Crime

Crime jokes

Dildo

Police Report: Looking for a female, light brown hair, blue eyes, freckles, and a small scar on her right check.

Last seen on CCTV wearing see-through bottoms, a pink top, and a vibrating dildo hanging out of her arse. If you find this woman, please get her to charge the dildo for excessive fun.

Pedophile

Him: *slowly drives past elementary school while looking at kids*

Her: Why are you staring at those kids? *jokingly* Are you like a pedophile or something?

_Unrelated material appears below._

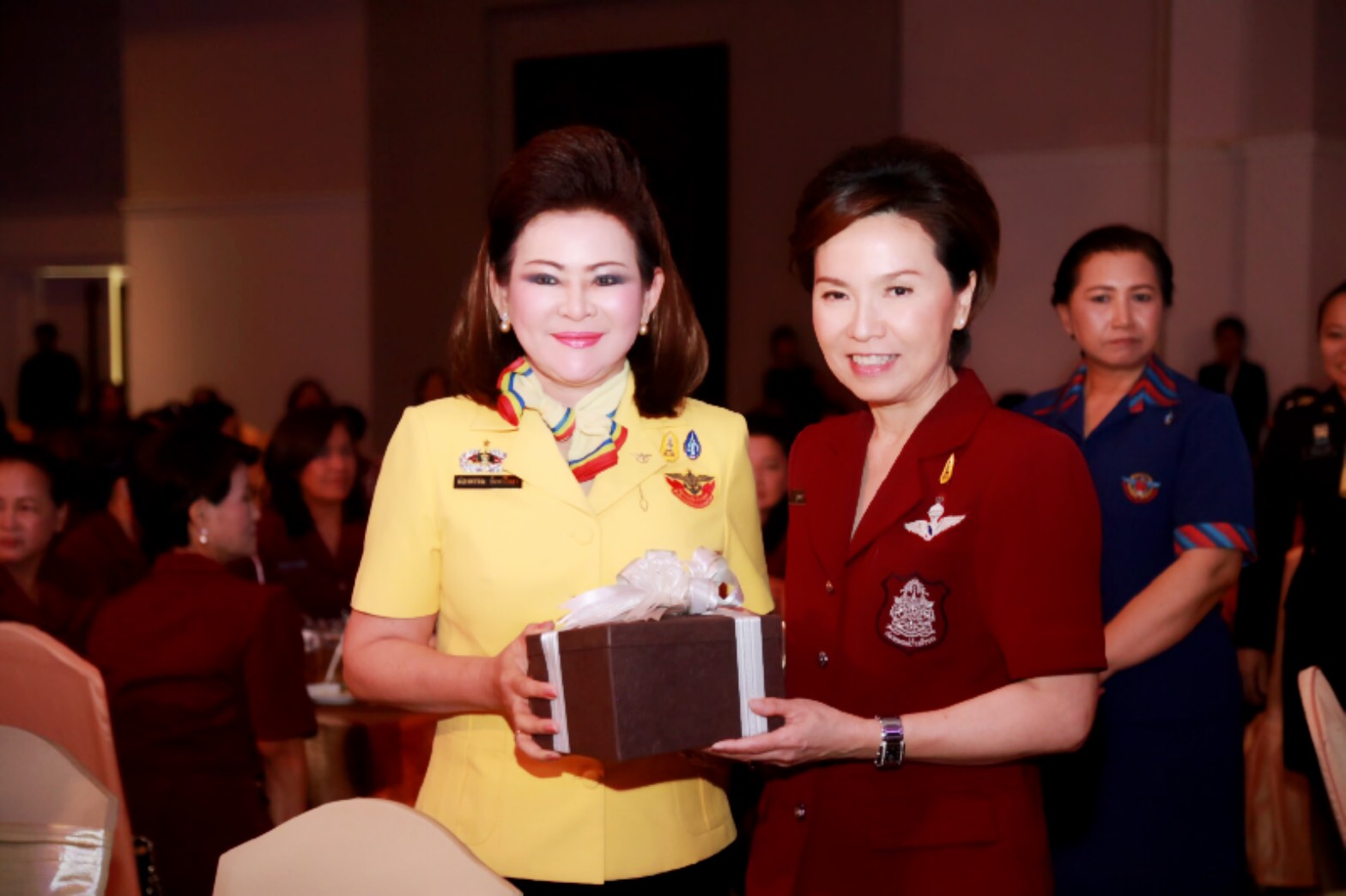 135 นายกสมาคมภริยาฯ พร้อมด้วยคณะกรรมการสมาคมภริยาฯ ร่วมงานวันคล้ายวันสถาปนาสมาคมแม่บ้านตำรวจครบรอบ ๓๐ ปี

Him: ... At least you know why I love calling you "baby" now~

Orphan

If you're ever bored, rape an orphan. What are they gonna do, tell their parents?

Child

Are you a gun, because I would be your bullets because I love going in children.

Memes

Office

A man was walking down the street with a swivel chair under one arm, a computer under the other, and a desk strapped to his back.

A policeman ran over to him and handcuffed him, saying, "I'm arresting you for impersonating an office, sir!"

Van

Kid: "Mom, what happened to Jim?"

Mom: "He got inside a white van."

Seven

Why was six afraid of seven?

Because seven is a registered six offender.

Rape

The amount of women judging me for raping a poor lady is terrible. You weren't there. You don't know!

KFC

Do you guys know what KFC stands for? It stands for kidnapping foster children.

Priest

A rapist, pedophile, and a priest walk into a bar. He orders a beer.

Same person.

Difference

What’s the difference between a prostitute and a homeless shelter?

You can shit a load inside of a prostitute, but if you try it in a shelter, you get arrested.

Drug

I bought some shoes from a drug dealer.

I don’t know what he laced them with, but I was tripping all day!